Stored items

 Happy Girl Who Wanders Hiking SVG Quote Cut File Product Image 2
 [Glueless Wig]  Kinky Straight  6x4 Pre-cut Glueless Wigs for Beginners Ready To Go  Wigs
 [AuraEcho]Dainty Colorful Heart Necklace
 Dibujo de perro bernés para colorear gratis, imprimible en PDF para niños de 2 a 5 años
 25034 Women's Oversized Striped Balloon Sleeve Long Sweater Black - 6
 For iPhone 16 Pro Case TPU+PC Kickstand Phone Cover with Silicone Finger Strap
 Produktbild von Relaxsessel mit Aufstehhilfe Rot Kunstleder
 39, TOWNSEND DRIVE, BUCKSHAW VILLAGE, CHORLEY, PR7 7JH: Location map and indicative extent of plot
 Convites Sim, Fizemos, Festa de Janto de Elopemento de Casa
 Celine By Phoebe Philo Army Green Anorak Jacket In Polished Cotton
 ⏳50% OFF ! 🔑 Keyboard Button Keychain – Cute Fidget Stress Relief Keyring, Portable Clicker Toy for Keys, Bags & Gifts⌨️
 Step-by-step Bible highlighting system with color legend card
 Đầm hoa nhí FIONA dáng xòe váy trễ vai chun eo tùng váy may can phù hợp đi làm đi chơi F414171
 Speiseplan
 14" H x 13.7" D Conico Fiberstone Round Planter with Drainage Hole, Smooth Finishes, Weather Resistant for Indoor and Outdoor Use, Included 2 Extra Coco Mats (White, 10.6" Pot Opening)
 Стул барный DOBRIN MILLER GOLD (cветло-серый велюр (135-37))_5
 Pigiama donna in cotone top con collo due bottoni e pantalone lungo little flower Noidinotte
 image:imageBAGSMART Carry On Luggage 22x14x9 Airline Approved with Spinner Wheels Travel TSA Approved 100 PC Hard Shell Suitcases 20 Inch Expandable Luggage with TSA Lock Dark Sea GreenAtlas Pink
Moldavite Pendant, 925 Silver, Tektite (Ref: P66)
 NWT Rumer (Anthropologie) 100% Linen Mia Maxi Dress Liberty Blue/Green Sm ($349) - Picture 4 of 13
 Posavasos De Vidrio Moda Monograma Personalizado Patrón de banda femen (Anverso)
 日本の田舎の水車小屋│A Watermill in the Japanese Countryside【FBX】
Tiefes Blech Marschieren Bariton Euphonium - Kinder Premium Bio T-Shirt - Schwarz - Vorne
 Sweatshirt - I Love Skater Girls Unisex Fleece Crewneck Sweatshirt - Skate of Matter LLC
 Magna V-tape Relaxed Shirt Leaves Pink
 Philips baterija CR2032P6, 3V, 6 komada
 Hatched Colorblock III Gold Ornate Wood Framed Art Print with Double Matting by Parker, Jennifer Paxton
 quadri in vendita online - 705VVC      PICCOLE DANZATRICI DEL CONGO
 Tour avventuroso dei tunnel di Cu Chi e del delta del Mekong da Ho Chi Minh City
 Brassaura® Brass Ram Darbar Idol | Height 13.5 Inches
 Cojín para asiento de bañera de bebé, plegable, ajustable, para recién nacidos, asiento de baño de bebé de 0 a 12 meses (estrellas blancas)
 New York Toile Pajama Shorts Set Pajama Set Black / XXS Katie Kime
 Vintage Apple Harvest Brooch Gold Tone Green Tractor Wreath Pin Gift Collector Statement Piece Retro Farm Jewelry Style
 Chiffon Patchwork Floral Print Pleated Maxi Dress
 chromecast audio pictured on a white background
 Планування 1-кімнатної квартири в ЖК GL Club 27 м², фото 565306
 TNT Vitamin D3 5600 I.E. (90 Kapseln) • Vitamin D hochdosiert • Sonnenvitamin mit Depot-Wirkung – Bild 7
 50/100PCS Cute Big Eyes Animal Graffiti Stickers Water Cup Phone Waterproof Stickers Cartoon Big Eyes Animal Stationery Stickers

Work to be completed ::
Return, in full, every line of these entries that holds "Pink".

Answer to this exercise ::
 image:imageBAGSMART Carry On Luggage 22x14x9 Airline Approved with Spinner Wheels Travel TSA Approved 100 PC Hard Shell Suitcases 20 Inch Expandable Luggage with TSA Lock Dark Sea GreenAtlas Pink
 Magna V-tape Relaxed Shirt Leaves Pink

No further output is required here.